Говоря о появлении сложных наций Нового времени, французской к примеру, которая явилась широким консенсусом враждовавших прежде народов, объединенных-таки в конце концов волей политиков и мыслителей, а не зовом крови или причинами сугубо природно-естественного характера, можно заметить все же, что и сложная нация может (и должна) опереться именно на коренную, первичную этническую сущность, потому те же французы не только не отрекаются от своего галльского происхождения, но даже подчеркивают его, хотя, понятное дело, что бывали периоды, когда галлы оказались чем-то наподобие индейцев (сначала для покоривших их римлян, потом для явившихся с северо-запада франков), но римляне имели куда более высокую культурную индивидуальность, куда более тонкую человечность, чем англосаксы (явившиеся в Новое время к индейцам), и хотя римское завоевание Галлии происходило в ту эпоху, когда жестокости были менее порицаемы (а во времена экспансии англоамериканских «отцов-основателей» уже, казалось бы, всходила заря эпохи Просвещения), но даже древним воякам проигрывают англосаксы и выглядят более жестокими, менее человечными, более грубыми и примитивными.

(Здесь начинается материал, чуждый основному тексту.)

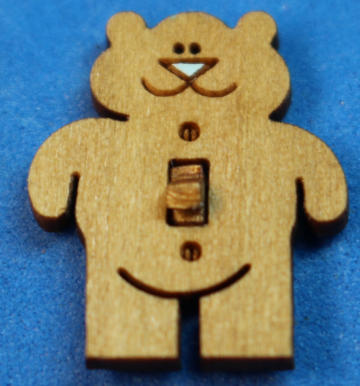 (image for) Faux light switch for child's room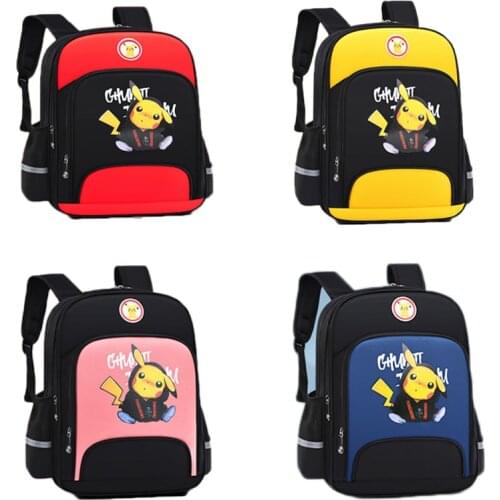 1pcs Pokemon Series Pikachu Backpack Student Cartoon Lightweight Backpack Pokemon School Bag Childrens School Supplies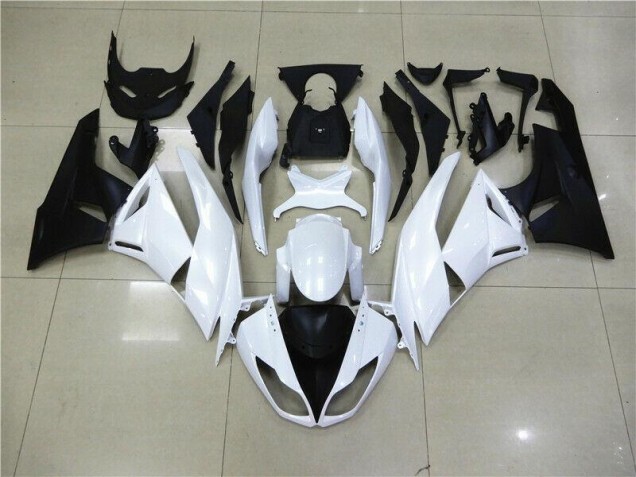 ZX6R 2009-2012 Verkleidungen - Weiß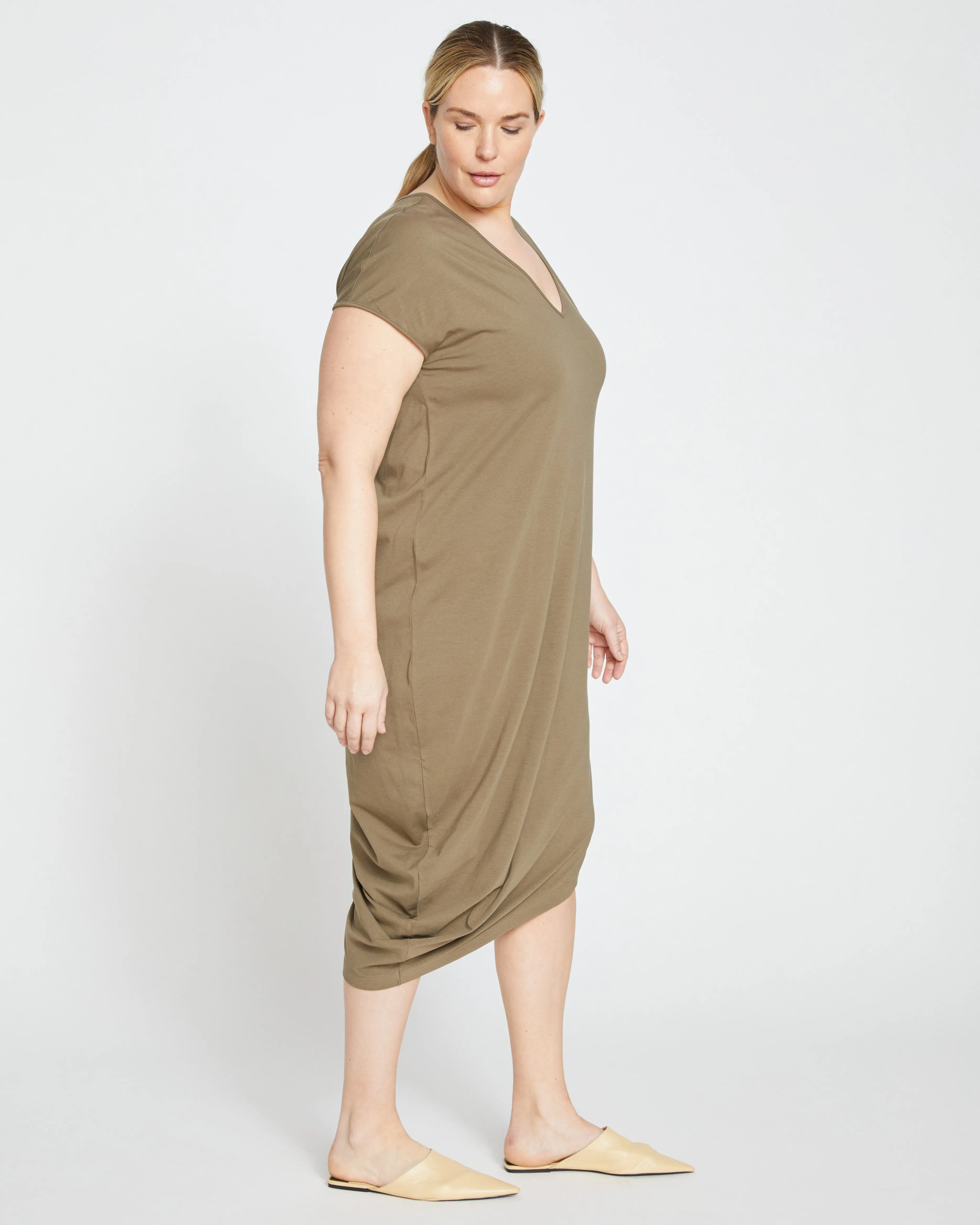 Iconic Geneva V-Neck Dress - Crocodile sold by Universal Standard product image thumbnail 3
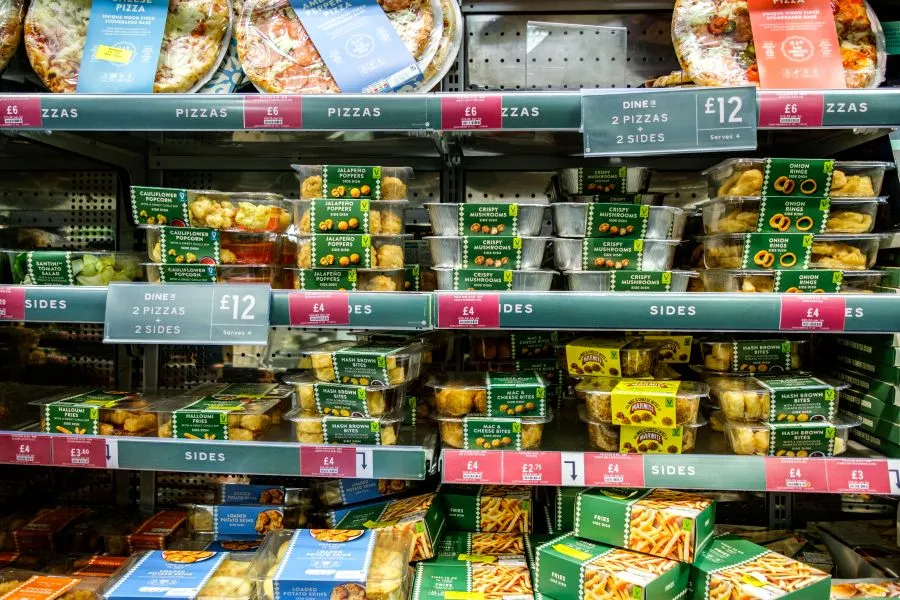 ready to eat meals on shelf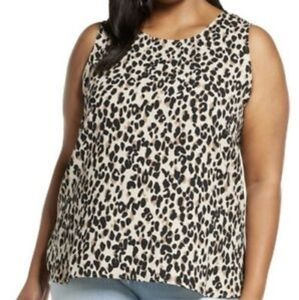 Halogen Animal Print Top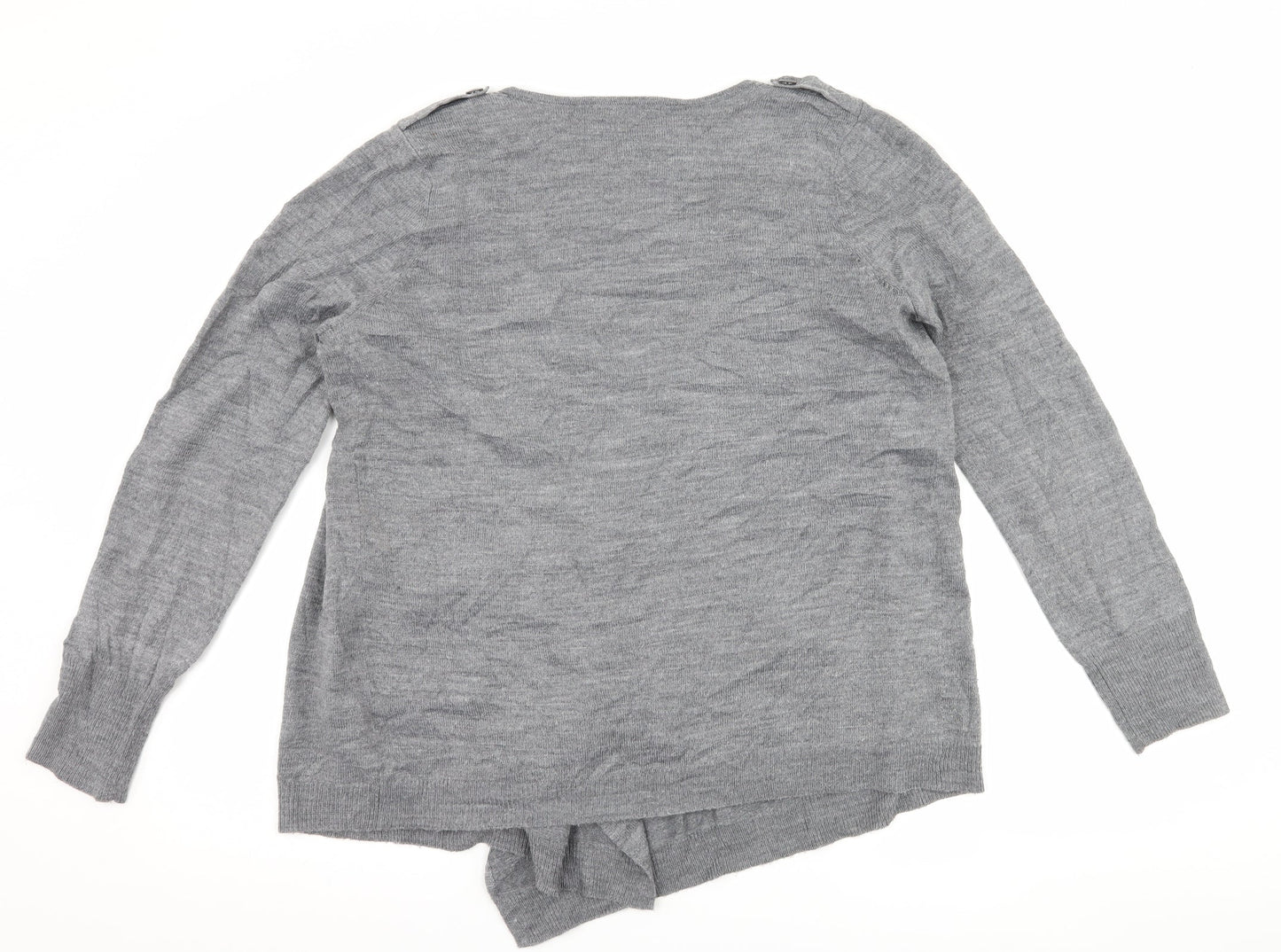 George Womens Grey   Cardigan Jumper Size 14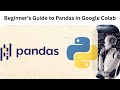 Master Data Analysis with Python: Beginner’s Guide to Pandas in Google Colab
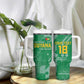 One Team One Game Guyana Football Custom Tumbler With Handle Pride Of Guyana Green Version - African Pride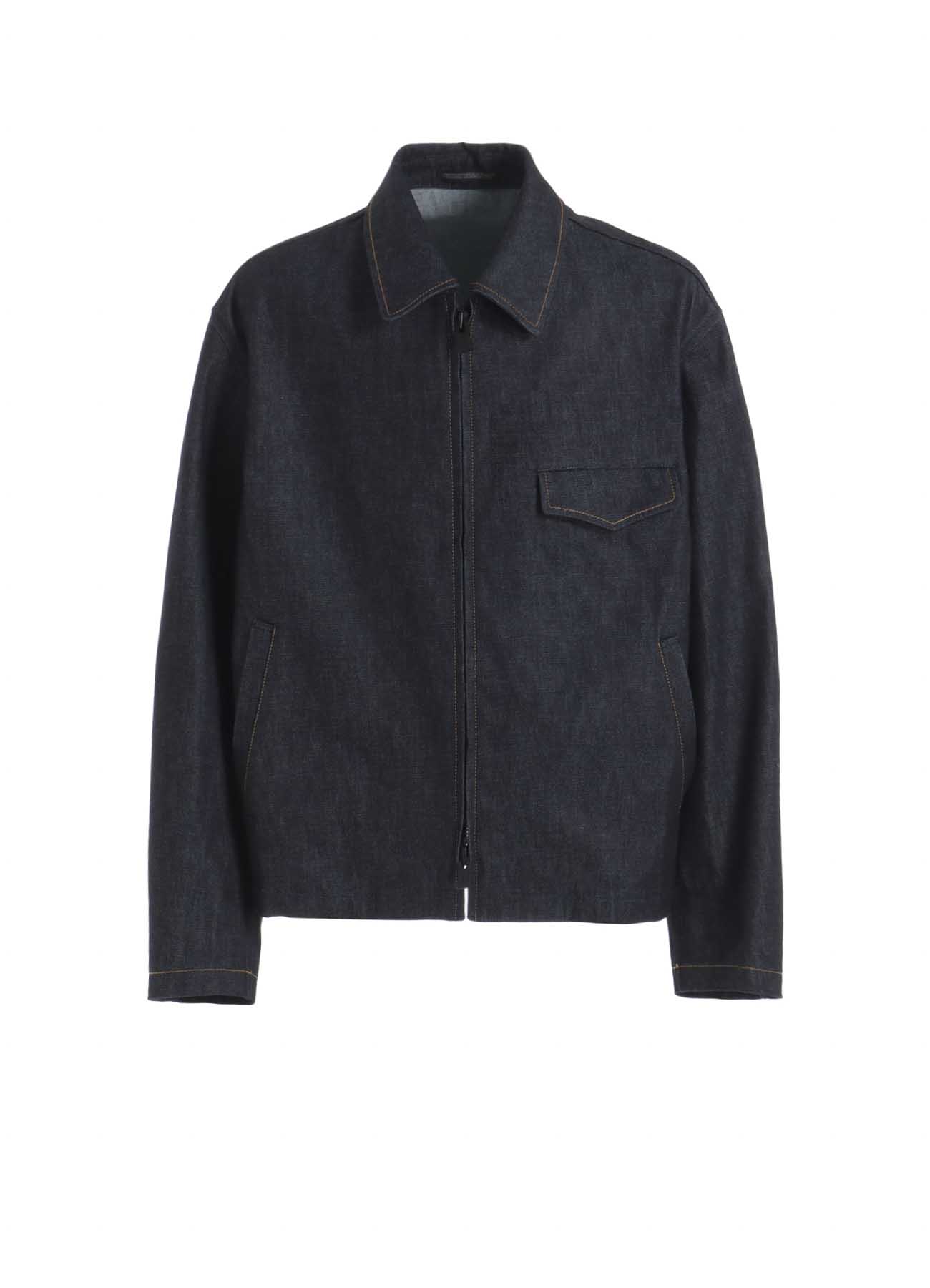 【1/11 10:00(JST) Release】13oz UNEVEN YARN DENIM BLOUSON WITH COLLOR COMBI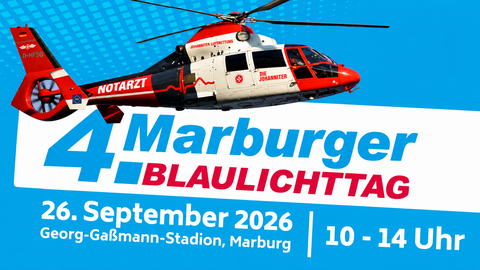 Plakat / Teaser 4. Marburger Blaulichtag 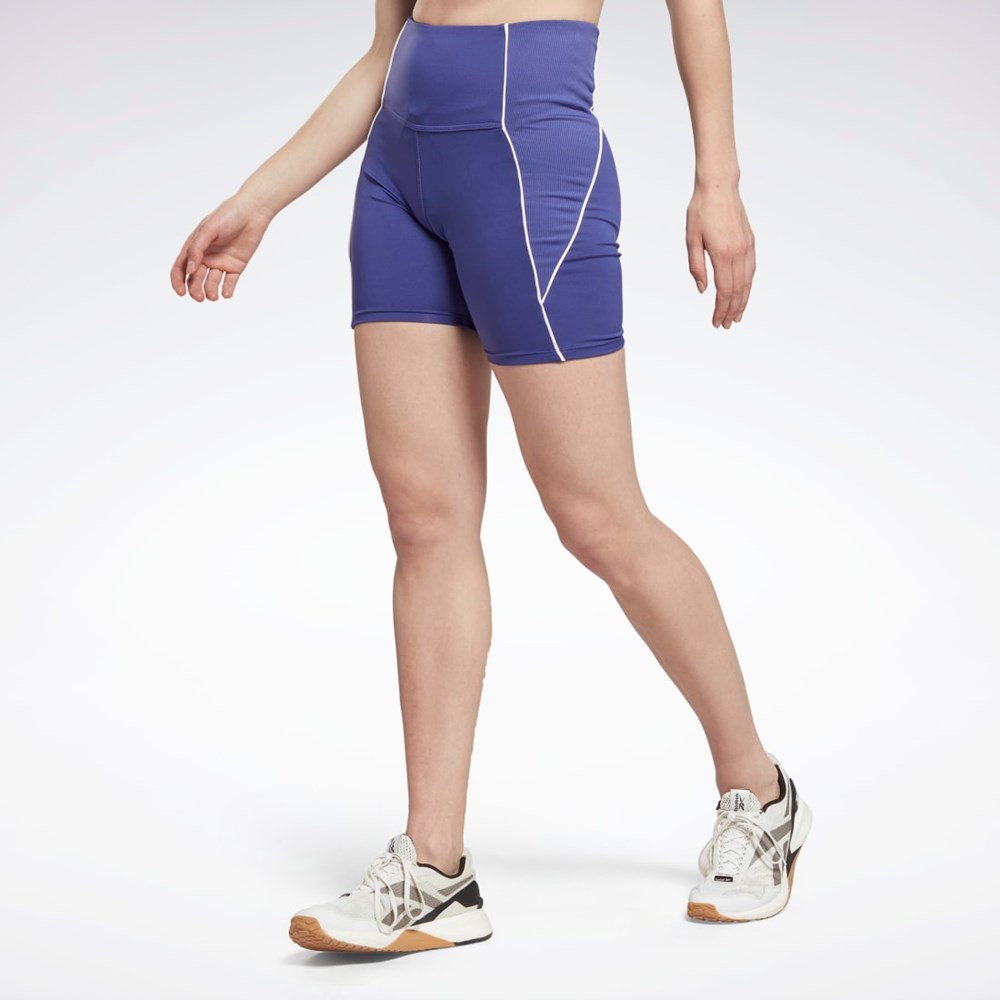 Reebok Workout Ready Poly Shorts Lila | DOTJZ-9156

Кстати сказать, когда англы, саксы, юты и прочие германцы, прибывшие из «тевтонского края», обосновались в Британии, они устроили такой чудовищный террор против местных кельтов, что те вынуждены были начать массовую эмиграцию на территорию современной Франции, где немалая часть сумела-таки спастись от геройств и подвигов «потомков славного Арминия».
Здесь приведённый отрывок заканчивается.